Le projet de budget pour 2017 tel que proposé par la Commission et en prenant en compte les instruments spéciaux s’élève à 157,658 milliards d’euros en crédits d’engagement (CE) et à 134,899 milliards d’euros en crédits de paiement (CP), soit une hausse de + 1,7 % en CE par rapport au budget 2016 voté (incluant les budgets rectificatifs n° 1 et 2/2016 votés par le Conseil à la date de rédaction du présent document) et une baisse de - 6,2 % en CP. Les CE, hors instruments spéciaux, s’élèvent à 154,816 milliards d’euros, la marge sous plafond s’établit donc à 815 milliards d’euros. Les CP, hors instruments spéciaux, s’élèvent à 134,279 milliards. La Commission propose de fixer les instruments spéciaux, y compris l’instrument de flexibilité, à hauteur de 1,601 milliards d’euros. La marge sous plafond en crédits de paiement s’élève donc à 8,007 milliards d’euros, les instruments spéciaux étant comptabilisés sous plafond selon l’interprétation du Conseil (et une marge de 9,608 milliards d’euros selon l’interprétation de la Commission).

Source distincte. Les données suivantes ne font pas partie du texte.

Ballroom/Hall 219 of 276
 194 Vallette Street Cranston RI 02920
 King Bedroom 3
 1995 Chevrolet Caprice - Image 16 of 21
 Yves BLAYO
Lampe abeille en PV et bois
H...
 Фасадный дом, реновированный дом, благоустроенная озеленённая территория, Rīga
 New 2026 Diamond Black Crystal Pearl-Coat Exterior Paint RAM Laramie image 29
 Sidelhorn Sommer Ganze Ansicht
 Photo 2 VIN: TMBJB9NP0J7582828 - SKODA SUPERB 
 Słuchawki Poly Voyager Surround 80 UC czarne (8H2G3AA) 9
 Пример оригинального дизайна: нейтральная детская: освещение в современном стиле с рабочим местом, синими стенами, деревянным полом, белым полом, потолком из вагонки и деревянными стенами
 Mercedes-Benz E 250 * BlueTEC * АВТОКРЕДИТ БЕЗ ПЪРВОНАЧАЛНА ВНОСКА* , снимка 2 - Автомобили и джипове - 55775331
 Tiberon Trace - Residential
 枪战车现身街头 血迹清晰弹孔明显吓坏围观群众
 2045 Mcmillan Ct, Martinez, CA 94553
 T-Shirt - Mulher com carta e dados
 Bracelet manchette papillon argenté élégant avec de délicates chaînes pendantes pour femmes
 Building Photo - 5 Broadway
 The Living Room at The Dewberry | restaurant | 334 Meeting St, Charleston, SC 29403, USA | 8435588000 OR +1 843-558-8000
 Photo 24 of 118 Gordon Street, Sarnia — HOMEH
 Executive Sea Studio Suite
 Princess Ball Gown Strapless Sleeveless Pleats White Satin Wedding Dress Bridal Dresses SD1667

Les crédits de paiement correspondant à la mobilisation de l’instrument de flexibilité devraient être répartis sur plusieurs exercices et sont estimés à 238,3 millions d’euros en 2017, à 91 millions d’euros en 2018, à 141,9 millions d’euros en 2019 et à 58,8 millions d’euros en 2020.

La Commission européenne propose, en second lieu, de recourir à la marge pour imprévus pour un montant de 1,164 milliard d’euros. Conformément au « règlement CFP », la mobilisation de la marge pour imprévus, qui peut atteindre 0,03 % du RNB brut de l’Union européenne, intervient en dernier recours pour faire face à des circonstances imprévues. Cette marge doit donc être mobilisée après avoir examiné toutes les options possibles, c’est-à-dire après avoir envisagé le redéploiement de crédits entre rubriques, utilisé l’ensemble des crédits d’engagement disponibles sous les plafonds et après le recours à l’instrument de flexibilité.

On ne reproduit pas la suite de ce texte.